Pat Brisson, the agent for two of the top players available for the 2013 NHL Draft, recently was asked which of his two high profile clients -- defenseman Seth Jones of the Portland Winterhawks or Nathan MacKinnon of the Halifax Mooseheads -- would be selected first at the 2013 NHL Draft, to be held Sunday at Prudential Center in Newark, N.J. (3 p.m. ET; NBCSN, TSN).
"At this point, you could flip a coin," Brisson told NHL.com. "They're two great players and you don't find too many of them. The teams that will get them will be thrilled for years to come because I've seen a lot of young players come in over the years."
"These kids are at a level that is special," he said of Jones and MacKinnon. "The work ethic and wanting to be better. Whether it's a John Tavares, Sid Crosby, Jonathan Toews, Patrick Kane or Matt Duchene, they're all doing the little things right. MacKinnon and Jones want to get better and better."
Despite the fact the two play different positions, Brisson said he can point to one similarity.

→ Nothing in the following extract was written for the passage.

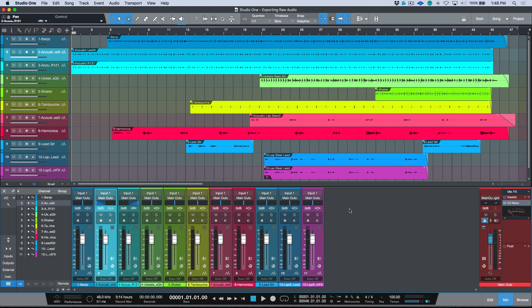In the last couple of videos over the last two weeks, we spoke about exporting stems in Studio One, and then I did a follow-up Q&A video where I addressed some questions and concerns and outlined the way I like to organize and structure my Studio One songs when exporting stems. I made mention of working with raw audio files and said we'd tackle that in a later video — so that's what we're looking at in this one.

"They both compete so hard," he said. "I've know them both for three years now and they both have similar work ethics. I met Seth when he was 14 and he has the same competitiveness now as he had then. They are completely different players; one being a big defenseman with a right-handed shot [and] Nathan is a goal scorer and has tremendous speed."
Meanwhile, Allan Walsh, the agent for MacKinnon's talented teammate in Halifax, Jonathan Drouin, also said he is very excited to see where his client lands on draft day. Drouin is No. 3 on NHL Central Scouting's final ranking of North American skaters, behind Jones and MacKinnon.
"When it comes to on-ice vision and hockey sense, on-ice awareness and being able to make those passes, Jonathan has those special qualities," Walsh said. "Those are the few players who become elite in the game. I think that's what teams are seeing in Jonathan right now."
NHL.com asked Walsh if Drouin's draft stock might have increased when MacKinnon was sidelined 11 games with a lower-body injury in February. Drouin had 11 goals and 29 points without MacKinnon in the lineup, including nine multiple-point games.
"The injury to Nathan forced Jonathan to take his game to another level," Walsh said. "Most importantly, he assumed and took on the added pressure of now being the guy. No one wants to benefit from one's misfortune or injury, but he really grabbed the reigns. He had some of his most productive games all season during that period, and that opened up some eyes to how much upside he really has."